送られてくる手紙には、リーナの行動が色々と書いてあったんだけれど、ソフィも微笑ましく見守っていたようだ。時折、注意をしたりしながら、な。
『この前は、リーナが私の前で両手を広げて、「い、行かせないんだからッ!」って、プルプルと震えながら道を塞いていたから、可愛すぎて、思わず鼻血が出そうになっちゃった』とか、『教科書に落書きをするのを悪いと思ったのか、下手だけど心のこもった似顔絵を描いた紙が、私の教科書に貼り付けてあった。しかも、汚れず剥がせる配慮付き。萌える♪』とか、『私を押し倒すつもりだったのか、私に抱き着いてきたから、優しく離して「人を傷つけちゃ駄目だよ?」って言ったら、「ご、ごめ……あッ、ちがッ!うぅ……うわぁぁんッ!」と涙目で走って行った。
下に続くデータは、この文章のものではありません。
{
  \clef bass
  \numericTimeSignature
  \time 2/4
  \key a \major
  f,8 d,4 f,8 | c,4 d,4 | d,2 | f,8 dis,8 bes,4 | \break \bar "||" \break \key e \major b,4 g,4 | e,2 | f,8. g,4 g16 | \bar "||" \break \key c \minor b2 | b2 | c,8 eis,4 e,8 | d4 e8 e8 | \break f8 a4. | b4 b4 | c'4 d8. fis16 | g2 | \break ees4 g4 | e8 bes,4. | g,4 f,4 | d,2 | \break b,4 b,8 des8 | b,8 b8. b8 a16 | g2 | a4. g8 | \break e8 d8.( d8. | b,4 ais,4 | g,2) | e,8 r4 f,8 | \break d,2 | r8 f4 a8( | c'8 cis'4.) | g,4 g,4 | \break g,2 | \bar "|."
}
このままだと、私、鼻血の出過ぎで倒れそう』と書かれていたりした。
そんな出来事は、しばらくの間、続いたらしい。
今までもらった手紙を確認し直したが、やっぱり、追放になるような行為ではないだろう。もちろん、人によってはイジメと感じるかも知れないが、少なくとも被害者である筈のソフィが庇っているんだ。なのに、話すら聞いてもらえず追放になるということは、強制的な何かの力が働いたとしか思えない。
それを裏付ける理由は他にもある。
ソフィからの手紙によれば、リーナがちょっかいを掛けてくるようになったのは、ちょうど半年くらい前らしく、攻略キャラたちに出会ってから、しばらく経ってのことらしい。
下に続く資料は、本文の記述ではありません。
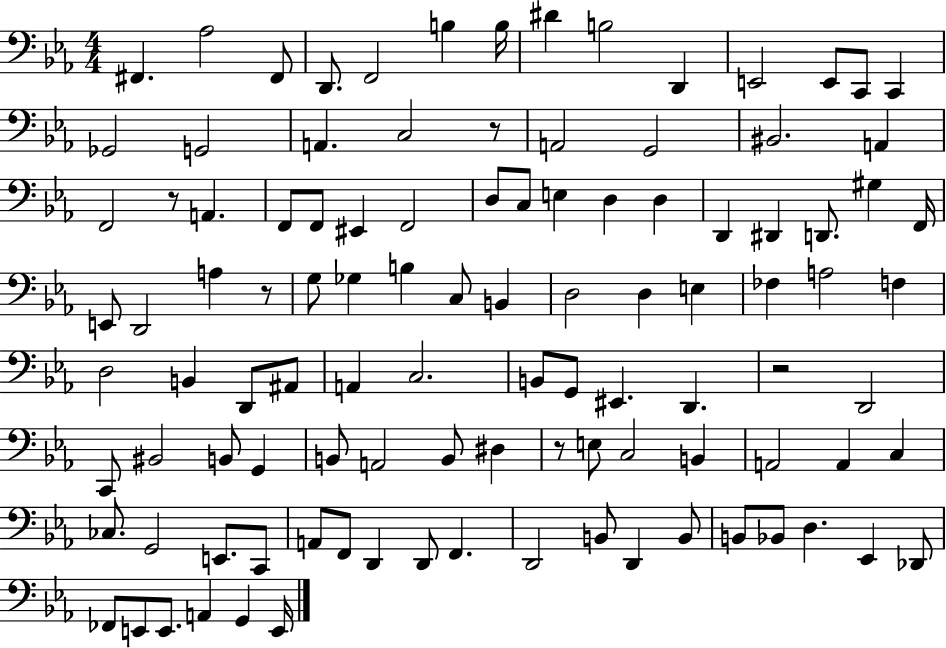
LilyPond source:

ゲームの中のリーナなら、主人公と攻略キャラが出会った日から、嫌がらせをしている筈だ。
俺は、頭の中で情報を整理していく。
一つ一つの情報を繋ぎ合わせていく。
…………もしかして。
全ての情報を合わせた時、一つの考えが浮かんだ。仮説と言っても良いかも知れない。
もしも、「あの出来事」がリーナに影響を与え、その後、強制力が働いたのなら、この状況が理解できるものに変わる。それは、この状況を説明するための最後の欠片だ。
――あの出来事がリーナを変えていたのなら……。